▸ **Exercise aim**:
Beginning with the first line, transcribe the entries below exactly through the line containing "Expert guides on", inclusive.

━━━ Data for this task ━━━

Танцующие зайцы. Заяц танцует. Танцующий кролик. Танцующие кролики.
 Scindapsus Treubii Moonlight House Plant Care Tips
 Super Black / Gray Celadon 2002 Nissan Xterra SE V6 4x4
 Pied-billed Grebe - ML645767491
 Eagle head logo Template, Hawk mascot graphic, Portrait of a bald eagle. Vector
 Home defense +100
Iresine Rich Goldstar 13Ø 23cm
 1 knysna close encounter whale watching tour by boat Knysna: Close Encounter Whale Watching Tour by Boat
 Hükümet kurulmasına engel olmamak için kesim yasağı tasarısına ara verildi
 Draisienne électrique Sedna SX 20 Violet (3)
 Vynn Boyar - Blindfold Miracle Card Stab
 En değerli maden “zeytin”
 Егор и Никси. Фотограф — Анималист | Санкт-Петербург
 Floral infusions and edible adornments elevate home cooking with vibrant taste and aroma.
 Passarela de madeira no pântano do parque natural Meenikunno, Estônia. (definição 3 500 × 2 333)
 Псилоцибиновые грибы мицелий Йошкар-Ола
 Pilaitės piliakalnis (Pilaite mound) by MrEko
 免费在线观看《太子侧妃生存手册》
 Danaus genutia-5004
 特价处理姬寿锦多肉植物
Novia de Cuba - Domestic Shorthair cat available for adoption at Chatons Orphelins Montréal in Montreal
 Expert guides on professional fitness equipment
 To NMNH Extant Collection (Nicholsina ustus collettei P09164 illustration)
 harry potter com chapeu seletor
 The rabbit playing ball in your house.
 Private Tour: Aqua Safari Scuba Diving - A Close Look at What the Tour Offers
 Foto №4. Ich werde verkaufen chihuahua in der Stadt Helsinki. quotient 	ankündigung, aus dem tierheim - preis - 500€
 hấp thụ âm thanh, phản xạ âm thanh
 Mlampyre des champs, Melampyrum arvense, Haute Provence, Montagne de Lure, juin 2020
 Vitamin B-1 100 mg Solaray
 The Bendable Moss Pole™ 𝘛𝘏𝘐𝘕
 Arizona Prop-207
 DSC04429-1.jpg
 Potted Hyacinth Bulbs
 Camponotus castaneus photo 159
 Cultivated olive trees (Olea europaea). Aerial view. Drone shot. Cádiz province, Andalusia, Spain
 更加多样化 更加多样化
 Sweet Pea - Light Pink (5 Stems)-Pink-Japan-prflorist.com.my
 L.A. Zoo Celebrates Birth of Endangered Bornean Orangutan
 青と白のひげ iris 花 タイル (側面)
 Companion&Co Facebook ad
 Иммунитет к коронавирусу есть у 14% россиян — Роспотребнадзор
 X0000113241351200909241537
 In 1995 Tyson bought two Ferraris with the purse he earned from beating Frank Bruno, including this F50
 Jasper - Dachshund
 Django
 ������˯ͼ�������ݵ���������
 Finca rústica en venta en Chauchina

━━━

▸ **Response for this exercise**:
Танцующие зайцы. Заяц танцует. Танцующий кролик. Танцующие кролики.
 Scindapsus Treubii Moonlight House Plant Care Tips
 Super Black / Gray Celadon 2002 Nissan Xterra SE V6 4x4
 Pied-billed Grebe - ML645767491
 Eagle head logo Template, Hawk mascot graphic, Portrait of a bald eagle. Vector
 Home defense +100
Iresine Rich Goldstar 13Ø 23cm
 1 knysna close encounter whale watching tour by boat Knysna: Close Encounter Whale Watching Tour by Boat
 Hükümet kurulmasına engel olmamak için kesim yasağı tasarısına ara verildi
 Draisienne électrique Sedna SX 20 Violet (3)
 Vynn Boyar - Blindfold Miracle Card Stab
 En değerli maden “zeytin”
 Егор и Никси. Фотограф — Анималист | Санкт-Петербург
 Floral infusions and edible adornments elevate home cooking with vibrant taste and aroma.
 Passarela de madeira no pântano do parque natural Meenikunno, Estônia. (definição 3 500 × 2 333)
 Псилоцибиновые грибы мицелий Йошкар-Ола
 Pilaitės piliakalnis (Pilaite mound) by MrEko
 免费在线观看《太子侧妃生存手册》
 Danaus genutia-5004
 特价处理姬寿锦多肉植物
Novia de Cuba - Domestic Shorthair cat available for adoption at Chatons Orphelins Montréal in Montreal
 Expert guides on professional fitness equipment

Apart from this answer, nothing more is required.